The right tool for the job? Chapter 1: Instances

Liferay comes with so many features that it's hard to judge when a feature is a good solution for a given problem. I'd like to shine some light onto some of these features and common misconceptions about them because it's easy to abuse them for purposes for which they're not well suited - despite making the impression they might.
CC BY-ND 2.0 by S. Benno

Today I'm starting with Liferay Instances.

TL;DR? Skip to the last paragraph, giving the common "wrong problems" that instances are used to solve. While they are a great feature, they don't necessarily solve all of the problems they get thrown at in the expected way.

What is an instance?

If you go to Control Panel / Configuration / Portal Instances, you'll find the list of available instances and can add more. A new instance is introducing a totally separate data area - you'll have a new user database, new content, new sites etc. They have nothing in common with the other instances that you have in the portal. Nothing? Well, they share the same application server - so at least the portlets and plugins are shared, and naturally the maintenance intervals & downtime. But, on the data side: Nothing.

As you would expect, Liferay starts with a single instance that is used to handle all requests. Only if you actively introduce a second instance, you'll use multiple instances. The reason for this is that instances are detected through the server name: If you connect to the server depicted above with spaceprogram.liferay.com, the server will serve with the content of the second instance. All hostnames that can't be associated will be handled by the default instance.

This is called multi-tenancy. You may have multiple portals on a single application server. Great, isn't it?

Using Multiple Instances

Now assume you're providing services for multiple customers. You have your first customer's portal running at customer1.example.com in the first instance and you'd like to add customer2.example.com as a completely separated portal: Neither the content, nor the user administration should interfere with each other.

On first sight, you'd easily just introduce another instance named customer2.example.com and populate it with the required data - done. Two customers, two instances.
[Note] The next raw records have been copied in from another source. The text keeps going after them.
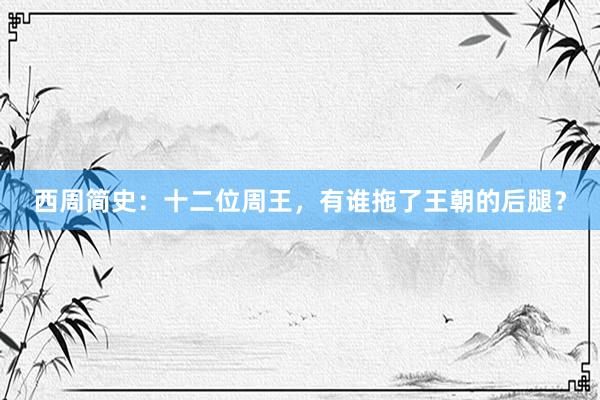 西周简史：十二位周王，有谁拖了王朝的后腿？
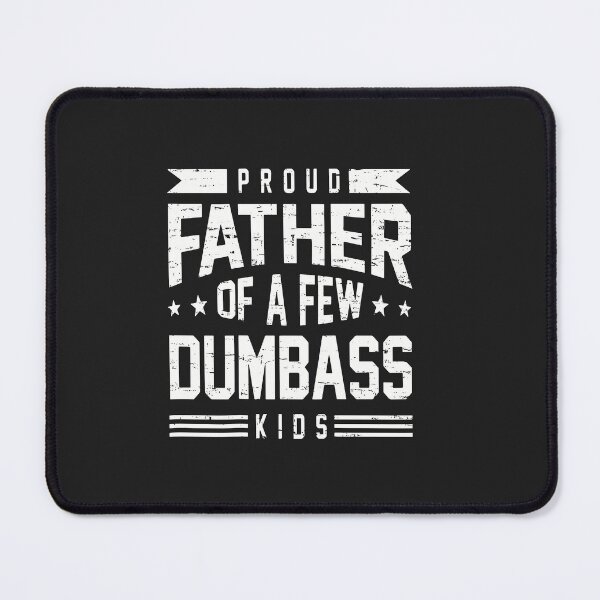 Item preview, Proud Father Of A Few Dumbass Kids designed and sold by FouChan.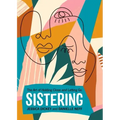 Sistering: The Art of Holding Close and Letting Go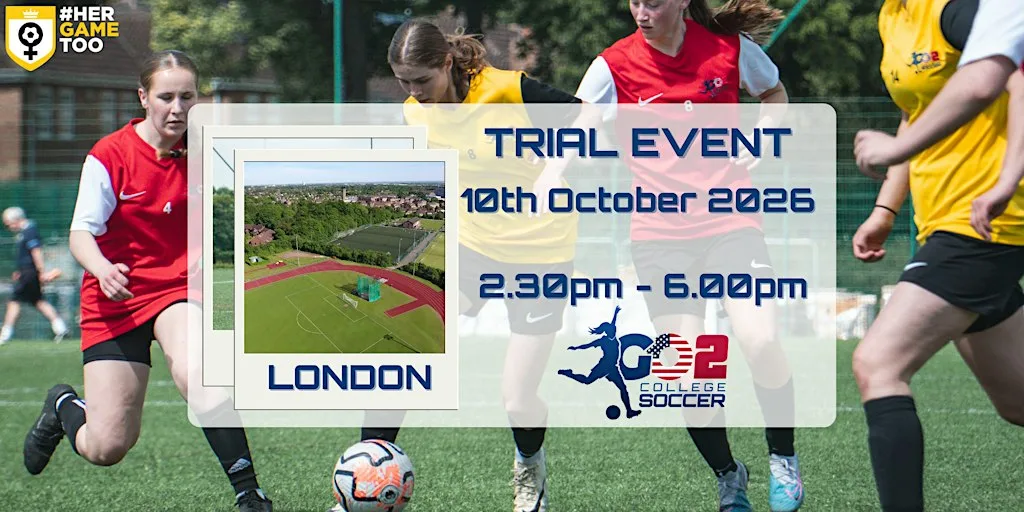 Go 2 College Soccer Trial Event and ID Camp - London, England.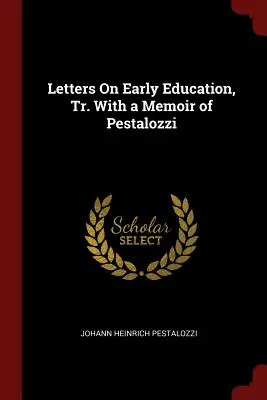 Cartas sobre la primera educación, tr. con una memoria de Pestalozzi - Letters On Early Education, Tr. With a Memoir of Pestalozzi
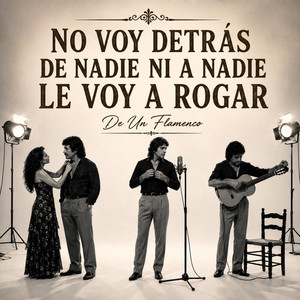 No Voy Detrás De Nadie Ni A Nadie Le Voy A Rogar by De Un Flamenco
That was too easy, wasn't it? Where's the shortcoming?

Well, you'll end up with two instances with different features - one is more special than the other

Different features?

The first instance on Liferay is a special instance: It enables you to administer the application server (garbage collection, reindex search index, show memory consumption), install new plugins, access marketplace, etc.

Compare this part of the Control Panel of the first instance

with the same part of the second instance: You'll easily see that all of the server administration, application installation etc. is only to be found on the very first instance. (I promise that I'm logged in as Administrator on both instances).
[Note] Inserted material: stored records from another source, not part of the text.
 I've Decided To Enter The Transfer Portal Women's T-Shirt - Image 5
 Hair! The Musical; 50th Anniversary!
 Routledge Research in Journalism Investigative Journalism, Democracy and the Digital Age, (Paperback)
As long as your first customer is not more special than your second one (and allowed to administer infrastructure for all of them), you might want to limit yourself to a particular different use of instances:

Make the first instance a purely administrative instance, e.g. administration.example.com. Then add all of your customer's sites as secondary (tertiary etc) instances. You'll end up with n+1 instances. The default instance should only have a few administrative users, while the other instances have whatever those instances need.

Now your first instance's administrators can maintain the whole site while your customer's administrators can't install server side plugins and maintain them - great, because the plugins are always available to all other sites, and they might not even know whom they share the server with. Imagine your customer1 to update customer2's theme... (see comments below)

Commonalities and Differences

Remember, all instances still share the same server. If one of the instances is really busy, the performance of the others might go down with it. If one requires downtime for updating a component, the others will go down with it. If one of the customers needs a specific plugin to be deployed, all of the customers will get it.

On a firewall level: If one of the instances needs access to a particular backend system (of customer1), connections to it will originate "at Liferay", thus no firewall can detect which instance the connection is coming from.

Separating instances

What happens when - some time in the future - you want to separate the instances from each other? If you follow my suggestion to have an administrative instance as first instance, life is (relatively) easy: Create a copy of your whole portal (all instances) and delete all the unused customer's instances from each of the instances. You'll end up with two portal servers with an administrative instance (which is a copy of each other).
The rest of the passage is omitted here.